En vert et avec tous

La marque parisienne se doit d'évoluer avec son temps. "La concurrence est quelque chose de sain, une opportunité, un moteur pour innover." poursuit la DG. Le modèle dans son entièreté doit muer, mais en ce sens, la griffe multiplie les initiatives pour s'améliorer. Signataire en 2019 du Fashion Pact, elle lance des programmes comme First Stone, et à présent Dream Tomorrow, truffés de gestes pour devenir plus verte, de la suppression des emballages plastiques à usage unique à l'emploi de matières plus responsables. "Ce qui requiert le plus de temps est d'agir sur la chaîne de production" : concrètement, la conversion aux méthodes d'éco-conception, le choix de partenaires engagés, la réduction des transports aériens sont autant d'axes sur lesquels travaille Maje côté pile.

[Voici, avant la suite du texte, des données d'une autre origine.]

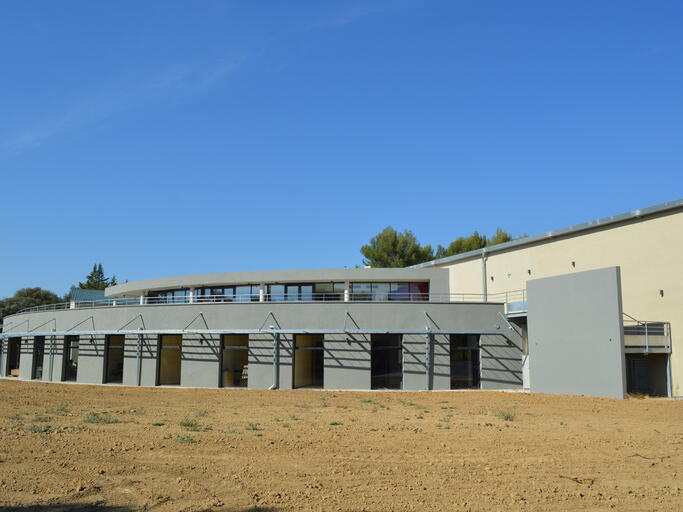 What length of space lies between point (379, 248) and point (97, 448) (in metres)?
41.4

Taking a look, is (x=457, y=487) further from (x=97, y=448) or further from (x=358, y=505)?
(x=97, y=448)

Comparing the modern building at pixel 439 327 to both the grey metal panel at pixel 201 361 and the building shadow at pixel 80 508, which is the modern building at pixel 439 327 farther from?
the building shadow at pixel 80 508

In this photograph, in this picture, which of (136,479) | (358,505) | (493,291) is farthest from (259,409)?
(493,291)

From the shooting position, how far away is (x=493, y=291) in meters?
27.7

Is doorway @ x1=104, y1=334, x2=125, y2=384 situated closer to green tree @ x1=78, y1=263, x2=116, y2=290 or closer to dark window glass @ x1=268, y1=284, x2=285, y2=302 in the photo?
dark window glass @ x1=268, y1=284, x2=285, y2=302

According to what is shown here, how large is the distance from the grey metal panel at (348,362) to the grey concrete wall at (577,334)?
256 inches

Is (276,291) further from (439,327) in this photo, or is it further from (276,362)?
(439,327)

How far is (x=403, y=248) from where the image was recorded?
1960 inches

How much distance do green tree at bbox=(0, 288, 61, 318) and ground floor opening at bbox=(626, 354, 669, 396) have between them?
6817 cm

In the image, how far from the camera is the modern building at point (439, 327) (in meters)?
19.7

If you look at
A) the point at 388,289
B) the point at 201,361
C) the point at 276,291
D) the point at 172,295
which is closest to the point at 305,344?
the point at 201,361

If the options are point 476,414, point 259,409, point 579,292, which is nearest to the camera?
point 476,414

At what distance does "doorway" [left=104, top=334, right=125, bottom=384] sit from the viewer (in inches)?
1118

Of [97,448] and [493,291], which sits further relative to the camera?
[493,291] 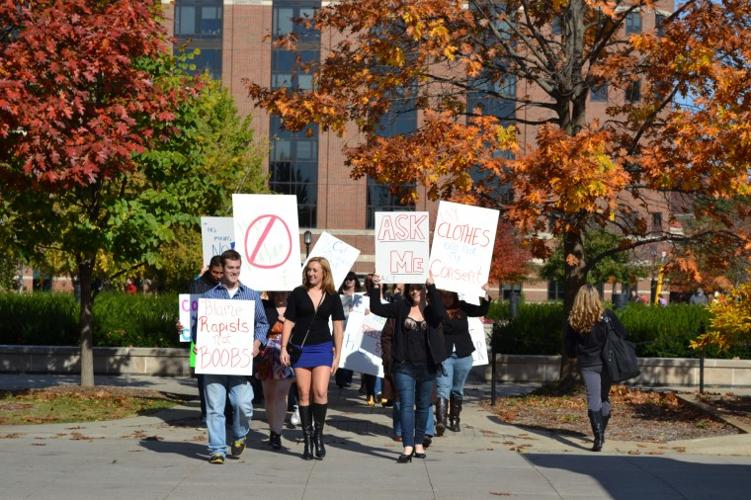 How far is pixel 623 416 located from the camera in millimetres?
14531

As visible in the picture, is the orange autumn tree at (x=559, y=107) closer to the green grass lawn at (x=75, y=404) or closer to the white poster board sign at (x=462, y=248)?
the white poster board sign at (x=462, y=248)

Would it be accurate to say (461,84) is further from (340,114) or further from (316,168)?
(316,168)

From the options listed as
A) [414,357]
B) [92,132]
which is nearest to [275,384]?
[414,357]

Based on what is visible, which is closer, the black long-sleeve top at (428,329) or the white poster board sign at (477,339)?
the black long-sleeve top at (428,329)

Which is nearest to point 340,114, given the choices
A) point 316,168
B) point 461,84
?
point 461,84

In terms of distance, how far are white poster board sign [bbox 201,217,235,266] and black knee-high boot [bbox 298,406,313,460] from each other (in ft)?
11.4

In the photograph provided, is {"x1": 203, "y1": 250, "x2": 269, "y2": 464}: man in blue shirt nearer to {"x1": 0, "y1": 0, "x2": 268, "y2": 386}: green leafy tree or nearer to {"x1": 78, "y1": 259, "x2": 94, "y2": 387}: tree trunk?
{"x1": 0, "y1": 0, "x2": 268, "y2": 386}: green leafy tree

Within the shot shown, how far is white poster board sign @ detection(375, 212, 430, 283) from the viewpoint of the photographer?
40.5 feet

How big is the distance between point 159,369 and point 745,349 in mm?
10479

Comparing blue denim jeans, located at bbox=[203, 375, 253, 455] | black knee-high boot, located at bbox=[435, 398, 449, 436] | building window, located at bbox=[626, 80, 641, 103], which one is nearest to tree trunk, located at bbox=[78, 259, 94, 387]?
black knee-high boot, located at bbox=[435, 398, 449, 436]

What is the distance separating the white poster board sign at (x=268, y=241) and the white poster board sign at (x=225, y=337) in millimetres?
1746

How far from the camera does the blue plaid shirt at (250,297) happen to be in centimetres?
1059

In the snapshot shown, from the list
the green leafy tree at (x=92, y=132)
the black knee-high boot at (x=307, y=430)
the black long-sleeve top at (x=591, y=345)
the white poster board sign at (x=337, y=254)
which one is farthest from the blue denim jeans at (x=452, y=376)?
the green leafy tree at (x=92, y=132)

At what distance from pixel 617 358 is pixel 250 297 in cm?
387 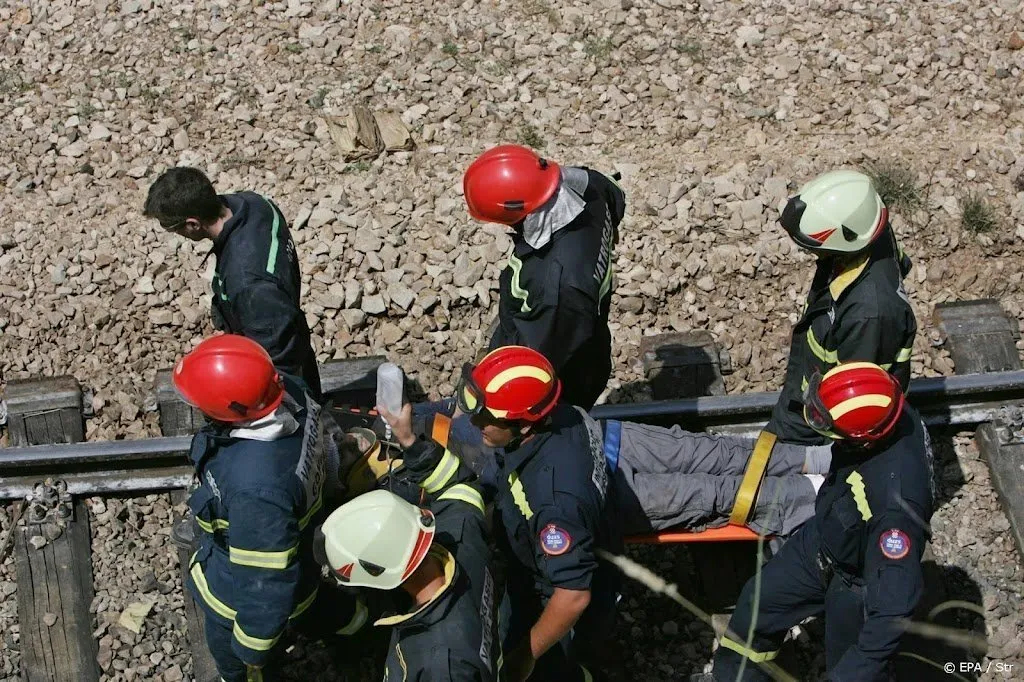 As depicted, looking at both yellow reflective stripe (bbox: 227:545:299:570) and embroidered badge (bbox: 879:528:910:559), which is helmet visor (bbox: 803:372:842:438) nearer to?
embroidered badge (bbox: 879:528:910:559)

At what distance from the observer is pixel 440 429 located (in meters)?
5.66

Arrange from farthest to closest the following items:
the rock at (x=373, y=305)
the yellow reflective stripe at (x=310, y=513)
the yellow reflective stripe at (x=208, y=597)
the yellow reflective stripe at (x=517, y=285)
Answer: the rock at (x=373, y=305) < the yellow reflective stripe at (x=517, y=285) < the yellow reflective stripe at (x=208, y=597) < the yellow reflective stripe at (x=310, y=513)

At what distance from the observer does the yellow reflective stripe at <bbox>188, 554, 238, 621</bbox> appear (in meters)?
4.71

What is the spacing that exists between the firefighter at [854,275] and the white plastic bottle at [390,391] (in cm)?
203

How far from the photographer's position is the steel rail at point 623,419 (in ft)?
19.6

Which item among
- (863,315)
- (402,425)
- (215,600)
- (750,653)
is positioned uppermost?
(863,315)

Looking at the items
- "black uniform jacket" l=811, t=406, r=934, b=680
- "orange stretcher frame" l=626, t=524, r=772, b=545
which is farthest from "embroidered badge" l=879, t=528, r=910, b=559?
"orange stretcher frame" l=626, t=524, r=772, b=545

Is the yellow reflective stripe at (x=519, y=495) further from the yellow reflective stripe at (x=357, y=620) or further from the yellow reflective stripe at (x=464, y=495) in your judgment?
the yellow reflective stripe at (x=357, y=620)

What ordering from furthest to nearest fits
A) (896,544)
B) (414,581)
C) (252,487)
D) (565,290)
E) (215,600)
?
(565,290) → (215,600) → (896,544) → (252,487) → (414,581)

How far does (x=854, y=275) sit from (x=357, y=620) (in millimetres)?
2922

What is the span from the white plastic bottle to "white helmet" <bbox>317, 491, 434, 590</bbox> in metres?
1.01

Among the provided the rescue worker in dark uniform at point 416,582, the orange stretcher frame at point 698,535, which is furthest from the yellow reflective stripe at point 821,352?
the rescue worker in dark uniform at point 416,582

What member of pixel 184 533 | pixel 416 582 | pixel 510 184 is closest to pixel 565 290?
pixel 510 184

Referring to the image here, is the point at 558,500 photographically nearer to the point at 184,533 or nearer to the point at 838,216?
the point at 838,216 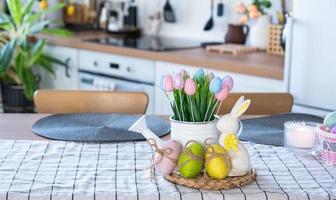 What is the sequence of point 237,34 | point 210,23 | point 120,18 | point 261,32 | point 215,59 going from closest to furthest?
point 215,59 → point 261,32 → point 237,34 → point 210,23 → point 120,18

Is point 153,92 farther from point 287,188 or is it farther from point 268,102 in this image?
point 287,188

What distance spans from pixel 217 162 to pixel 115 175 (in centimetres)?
26

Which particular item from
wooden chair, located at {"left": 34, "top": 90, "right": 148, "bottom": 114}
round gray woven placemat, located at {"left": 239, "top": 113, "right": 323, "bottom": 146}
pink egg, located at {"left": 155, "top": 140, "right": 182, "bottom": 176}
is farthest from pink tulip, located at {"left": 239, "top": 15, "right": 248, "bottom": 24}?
pink egg, located at {"left": 155, "top": 140, "right": 182, "bottom": 176}

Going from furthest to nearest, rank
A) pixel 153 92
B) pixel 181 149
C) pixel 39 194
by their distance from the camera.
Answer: pixel 153 92, pixel 181 149, pixel 39 194

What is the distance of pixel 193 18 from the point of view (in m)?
4.24

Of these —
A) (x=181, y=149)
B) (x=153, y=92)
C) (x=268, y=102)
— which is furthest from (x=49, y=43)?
(x=181, y=149)

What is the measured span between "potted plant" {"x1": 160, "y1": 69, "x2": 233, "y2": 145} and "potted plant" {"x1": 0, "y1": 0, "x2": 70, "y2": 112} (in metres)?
2.51

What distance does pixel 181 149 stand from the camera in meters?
1.56

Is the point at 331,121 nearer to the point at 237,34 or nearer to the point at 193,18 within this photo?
the point at 237,34

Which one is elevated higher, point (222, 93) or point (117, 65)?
point (222, 93)

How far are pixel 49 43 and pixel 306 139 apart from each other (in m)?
2.73

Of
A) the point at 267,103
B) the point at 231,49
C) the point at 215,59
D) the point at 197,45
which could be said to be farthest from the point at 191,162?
the point at 197,45

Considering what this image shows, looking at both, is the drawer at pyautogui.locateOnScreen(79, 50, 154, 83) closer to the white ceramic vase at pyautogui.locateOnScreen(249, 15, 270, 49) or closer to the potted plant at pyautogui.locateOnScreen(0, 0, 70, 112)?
the potted plant at pyautogui.locateOnScreen(0, 0, 70, 112)

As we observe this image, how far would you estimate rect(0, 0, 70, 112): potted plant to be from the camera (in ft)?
13.2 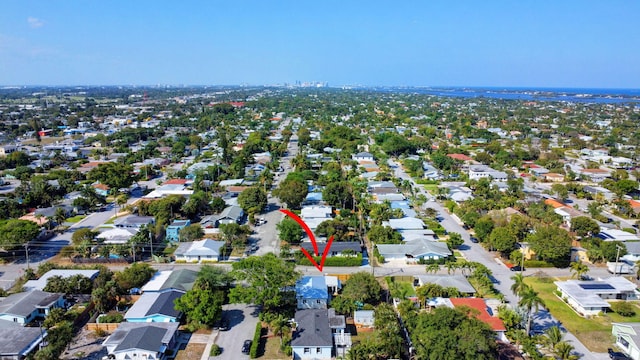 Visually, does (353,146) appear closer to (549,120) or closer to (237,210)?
(237,210)

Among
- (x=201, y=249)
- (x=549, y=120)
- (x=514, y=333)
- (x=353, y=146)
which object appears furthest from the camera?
(x=549, y=120)

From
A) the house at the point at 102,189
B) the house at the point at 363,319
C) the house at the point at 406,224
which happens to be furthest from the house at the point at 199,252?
the house at the point at 102,189

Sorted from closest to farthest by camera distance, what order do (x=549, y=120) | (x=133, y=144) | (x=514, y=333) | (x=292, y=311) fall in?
1. (x=514, y=333)
2. (x=292, y=311)
3. (x=133, y=144)
4. (x=549, y=120)

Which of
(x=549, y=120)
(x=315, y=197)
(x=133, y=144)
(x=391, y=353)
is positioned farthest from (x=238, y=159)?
(x=549, y=120)

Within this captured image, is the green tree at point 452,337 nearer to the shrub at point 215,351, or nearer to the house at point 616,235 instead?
the shrub at point 215,351

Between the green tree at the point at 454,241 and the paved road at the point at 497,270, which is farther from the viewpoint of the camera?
the green tree at the point at 454,241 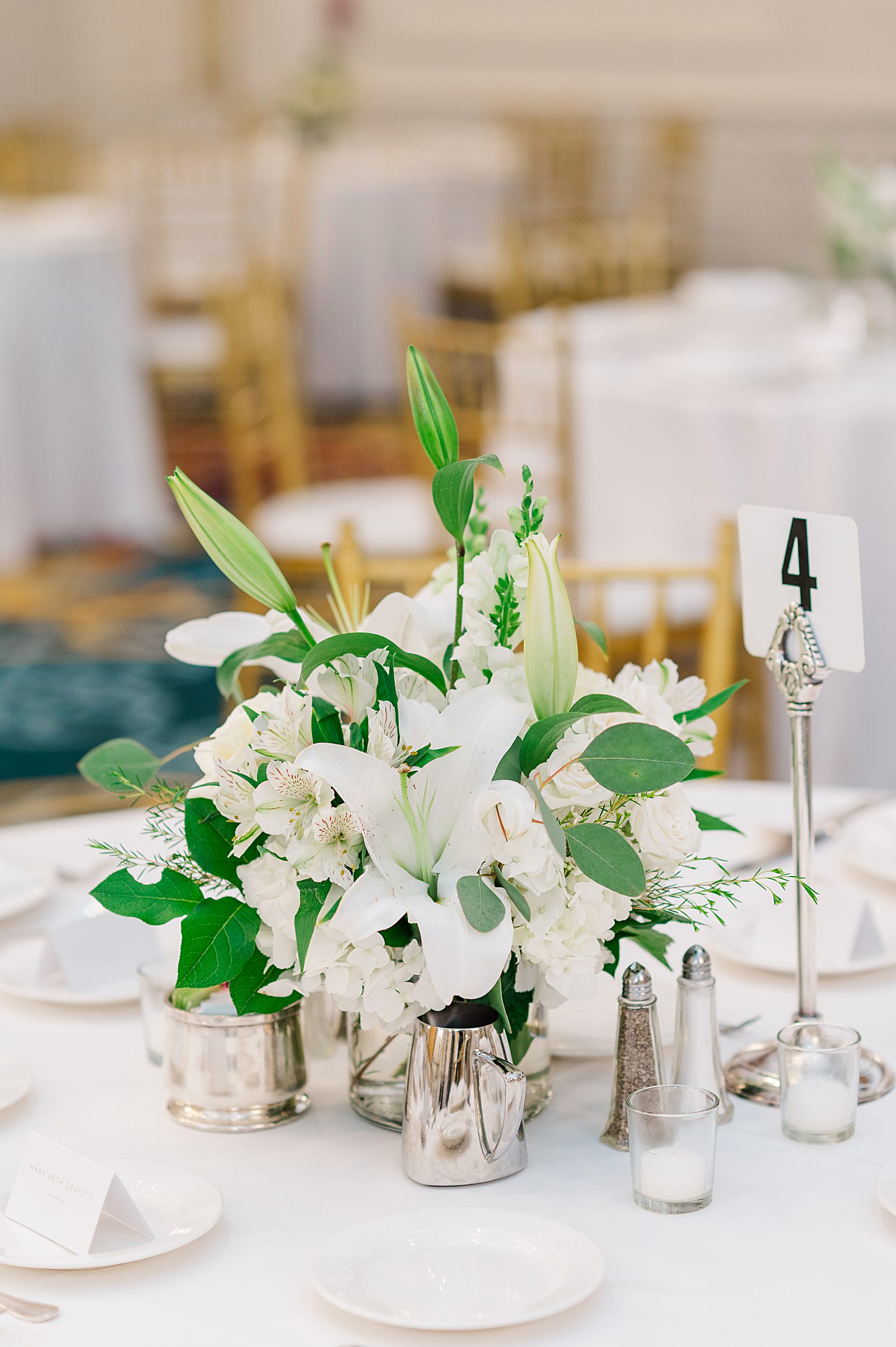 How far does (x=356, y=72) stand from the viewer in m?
8.50

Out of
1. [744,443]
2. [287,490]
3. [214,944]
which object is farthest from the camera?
[287,490]

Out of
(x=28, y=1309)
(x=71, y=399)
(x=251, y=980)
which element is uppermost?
(x=71, y=399)

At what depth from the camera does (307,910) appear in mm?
925

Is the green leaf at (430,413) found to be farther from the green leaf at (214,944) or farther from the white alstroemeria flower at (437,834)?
the green leaf at (214,944)

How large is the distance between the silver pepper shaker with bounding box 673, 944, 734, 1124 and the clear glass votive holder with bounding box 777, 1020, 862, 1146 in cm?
4

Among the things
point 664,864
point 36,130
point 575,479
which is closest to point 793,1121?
point 664,864

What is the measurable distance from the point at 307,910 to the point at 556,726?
6.9 inches

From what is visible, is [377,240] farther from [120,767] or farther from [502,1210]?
[502,1210]

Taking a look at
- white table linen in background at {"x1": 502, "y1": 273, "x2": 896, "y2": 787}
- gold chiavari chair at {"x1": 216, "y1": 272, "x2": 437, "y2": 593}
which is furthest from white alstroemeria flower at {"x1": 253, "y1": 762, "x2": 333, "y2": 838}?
gold chiavari chair at {"x1": 216, "y1": 272, "x2": 437, "y2": 593}

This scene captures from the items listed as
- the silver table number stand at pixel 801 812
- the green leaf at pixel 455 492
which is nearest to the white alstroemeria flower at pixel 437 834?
the green leaf at pixel 455 492

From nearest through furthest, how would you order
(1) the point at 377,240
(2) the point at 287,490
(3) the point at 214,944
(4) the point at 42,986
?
(3) the point at 214,944 → (4) the point at 42,986 → (2) the point at 287,490 → (1) the point at 377,240

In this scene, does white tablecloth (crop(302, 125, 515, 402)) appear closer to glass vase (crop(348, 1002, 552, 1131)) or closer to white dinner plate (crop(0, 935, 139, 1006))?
white dinner plate (crop(0, 935, 139, 1006))

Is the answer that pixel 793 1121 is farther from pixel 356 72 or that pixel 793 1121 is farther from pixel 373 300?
pixel 356 72

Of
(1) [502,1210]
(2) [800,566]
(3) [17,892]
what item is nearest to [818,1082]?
(1) [502,1210] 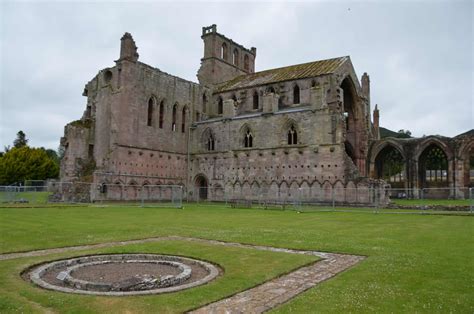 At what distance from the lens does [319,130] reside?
3869 centimetres

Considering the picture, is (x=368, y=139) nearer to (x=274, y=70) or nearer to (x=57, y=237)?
(x=274, y=70)

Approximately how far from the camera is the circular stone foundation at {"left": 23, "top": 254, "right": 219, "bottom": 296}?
733cm

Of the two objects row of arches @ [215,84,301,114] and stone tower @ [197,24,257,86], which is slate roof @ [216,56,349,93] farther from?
stone tower @ [197,24,257,86]

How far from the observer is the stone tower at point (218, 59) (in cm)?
5528

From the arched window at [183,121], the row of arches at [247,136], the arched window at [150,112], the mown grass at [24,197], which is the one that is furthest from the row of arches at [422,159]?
the mown grass at [24,197]

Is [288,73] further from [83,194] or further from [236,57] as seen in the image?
[83,194]

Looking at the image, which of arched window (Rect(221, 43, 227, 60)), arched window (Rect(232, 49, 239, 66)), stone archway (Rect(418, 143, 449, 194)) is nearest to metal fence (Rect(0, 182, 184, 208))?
arched window (Rect(221, 43, 227, 60))

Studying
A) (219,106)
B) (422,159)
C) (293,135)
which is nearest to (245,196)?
(293,135)

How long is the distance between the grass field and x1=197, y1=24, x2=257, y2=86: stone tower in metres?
40.6

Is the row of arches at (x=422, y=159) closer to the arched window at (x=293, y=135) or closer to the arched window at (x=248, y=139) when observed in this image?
the arched window at (x=293, y=135)

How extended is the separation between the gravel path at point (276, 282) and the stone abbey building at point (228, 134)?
26523mm

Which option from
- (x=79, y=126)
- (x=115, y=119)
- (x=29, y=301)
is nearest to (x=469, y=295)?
(x=29, y=301)

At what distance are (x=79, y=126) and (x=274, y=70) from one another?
23.8m

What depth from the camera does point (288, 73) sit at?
47.0 metres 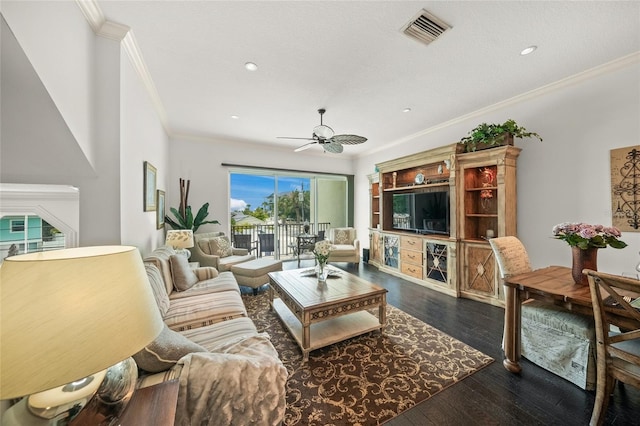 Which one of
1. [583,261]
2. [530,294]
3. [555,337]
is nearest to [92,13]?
[530,294]

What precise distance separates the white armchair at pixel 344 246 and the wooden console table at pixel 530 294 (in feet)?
10.9

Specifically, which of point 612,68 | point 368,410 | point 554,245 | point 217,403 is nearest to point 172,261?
point 217,403

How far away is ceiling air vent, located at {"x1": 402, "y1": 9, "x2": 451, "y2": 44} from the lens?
6.08 ft

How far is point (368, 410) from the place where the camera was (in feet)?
5.19

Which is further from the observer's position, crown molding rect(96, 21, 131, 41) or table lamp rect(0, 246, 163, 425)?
crown molding rect(96, 21, 131, 41)

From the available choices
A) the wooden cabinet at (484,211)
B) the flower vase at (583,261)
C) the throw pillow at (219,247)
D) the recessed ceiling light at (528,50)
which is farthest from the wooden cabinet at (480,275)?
the throw pillow at (219,247)

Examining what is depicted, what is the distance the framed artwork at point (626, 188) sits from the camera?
7.74 feet

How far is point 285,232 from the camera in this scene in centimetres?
605

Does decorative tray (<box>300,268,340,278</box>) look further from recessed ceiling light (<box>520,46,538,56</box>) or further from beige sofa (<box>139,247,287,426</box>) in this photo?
recessed ceiling light (<box>520,46,538,56</box>)

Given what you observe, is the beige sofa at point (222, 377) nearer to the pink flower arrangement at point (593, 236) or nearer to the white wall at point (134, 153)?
the white wall at point (134, 153)

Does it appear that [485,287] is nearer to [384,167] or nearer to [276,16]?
[384,167]

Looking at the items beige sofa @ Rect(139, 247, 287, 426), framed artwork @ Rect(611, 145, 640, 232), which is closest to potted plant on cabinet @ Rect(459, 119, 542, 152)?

Côté face, son aura cool ne prend pas une ride avec notamment le succès de son it-bag, le Mini M en 2018, ou lorsqu'elle mise sur le phénomène Instagram Vogue Turfu pour communiquer début 2020. Personne ne s'étonne de voir ses pièces représenter le vestiaire de la Parisienne dans la série Emily in Paris sur Netflix.

Prêt-à-porter, et porter encore 

A plus forte raison quand la crise sanitaire force à repenser nos habitudes mode, Maje prend le pli et réserve une bonne nouvelle à ses fidèles. Après avoir collaboré avec Vestiaire collective, la marque nous annonce en exclusivité qu'elle planche sur un service de location intégrée. La clé pour une consommation plus vertueuse, sans encombrer sa penderie et acheter inutilement ? Le dernier chic est de consommer sans culpabilité et Maje semble avoir compris le message.